Hilfreicher als Ihre penetranten parteipolitischen Spielchen wäre ein Pragmatismus, den übrigens auch die Vertreter der Wirtschaft schon längst formulierten. Herr Rodenstock, Präsident der Bayerischen Wirtschaft, forderte unlängst: "Wir müssen die Leute, die wir brauchen, aktiv bewerben und nicht nur gnädigst reinlassen." Das hört sich doch ganz anders an, meine Damen und Herren!

Können wir es uns leisten, dass rund 35 % der türkischen Akademiker 2008 aus Deutschland abwandern wollten, weil sie sich hier nicht angemessen behandelt und missachtet gefühlt haben? Können wir es zulassen, dass zugewanderte Hochqualifizierte dreimal so häufig keinen Job erhalten wie deutsche Spitzenkräfte, dass die Arbeitslosenquote von Ausländern mehr als doppelt so hoch wie von Inländern ist, dass Bewerber

(Unruhe - Glocke der Präsidentin)

mit gleicher Qualifikation um rund 14 % weniger positive Rückmeldungen von Unternehmen bekommen? Können wir uns das leisten?

Eine weitere Behauptung Ihrer Partei, Herr Ministerpräsident, ist: Es darf keine Zuwanderungen in unsere Sozialsysteme geben. Mit solchen Aussagen schüren Sie bewusst Sozialneid. Das ist unanständig!

(Beifall bei Abgeordneten der SPD)

Dabei wissen Sie es besser.

Frau Haderthauer, Sie haben sich noch vor wenigen Wochen bei einer Pressekonferenz mit den bayerischen Zahlen gebrüstet und gesagt, dass fast 70 % der Zuwanderer 2008 in Bayern über eine geregelte Arbeit verfügen - das sind Ihre Zahlen; das ist richtig, und das ist gut so -, und dass Bayern mit dieser Erwerbsquote von Migranten besser als alle anderen Bundesländer dasteht.

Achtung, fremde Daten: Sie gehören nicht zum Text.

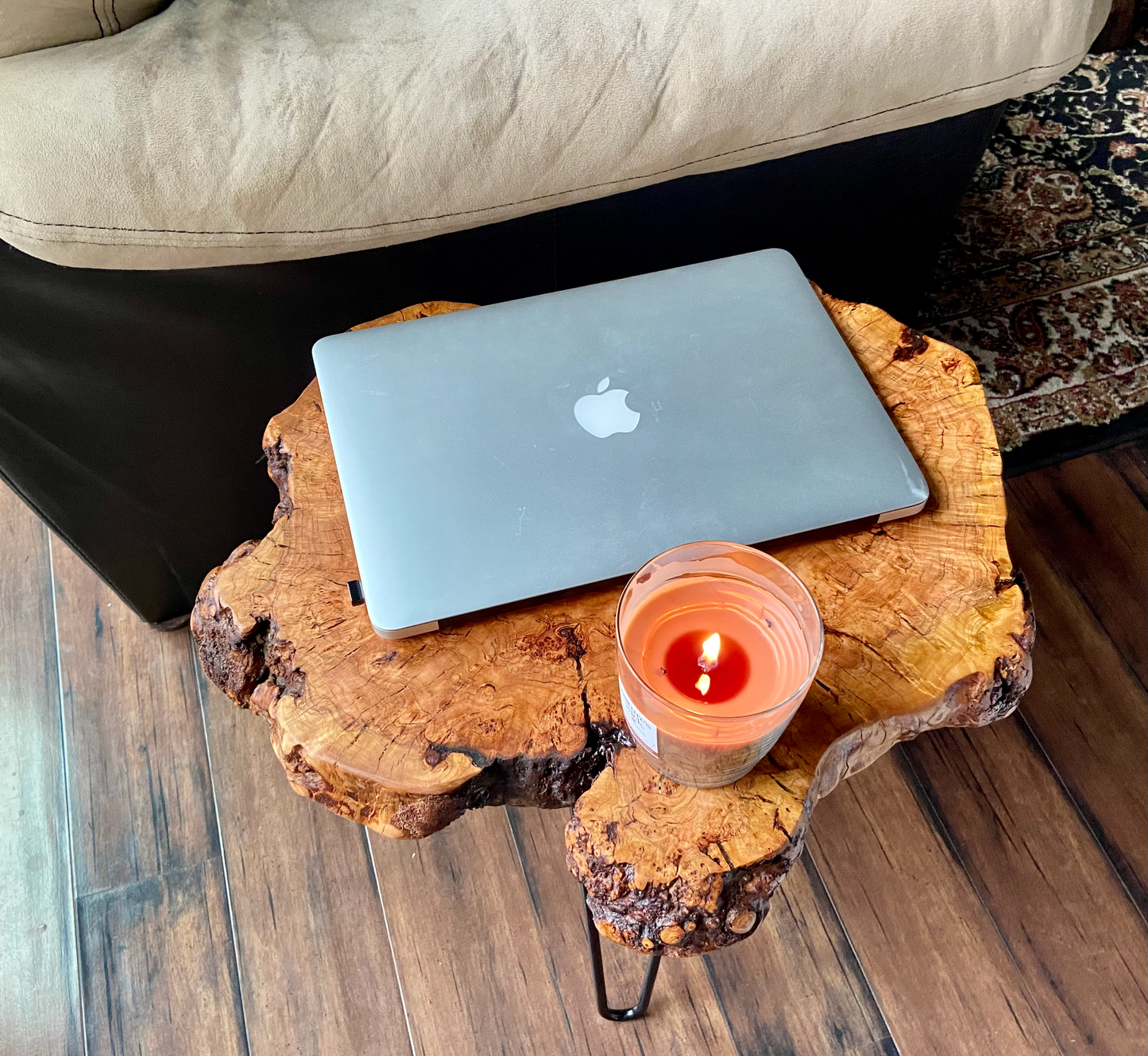 Live Edge Cherry Burl Wood Slice Side Tables,Live Edge End Tables,Live Edge Accent Tables,Matching Table Set,Live Edge Round Accent Tables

Schauen wir doch einmal genauer hin: Die von Ihnen geschmähten Menschen aus anderen Kulturkreisen bilden längst ein großes Potenzial. Rund 200.000 Migrantenunternehmen in Deutschland tragen zu unserem Wohlstand bei. Sie generieren einen jährlichen Umsatz von 20 Milliarden Euro und beschäftigen mehr als 350.000 Menschen, die in die Sozialkassen einzahlen. 55 % dieser Unternehmen sind Ausbildungsbetriebe. Das ist wahre Integration! Die Zahlen sind gut. Also tun Sie nicht so, als wenn hier nicht genügend passieren würde.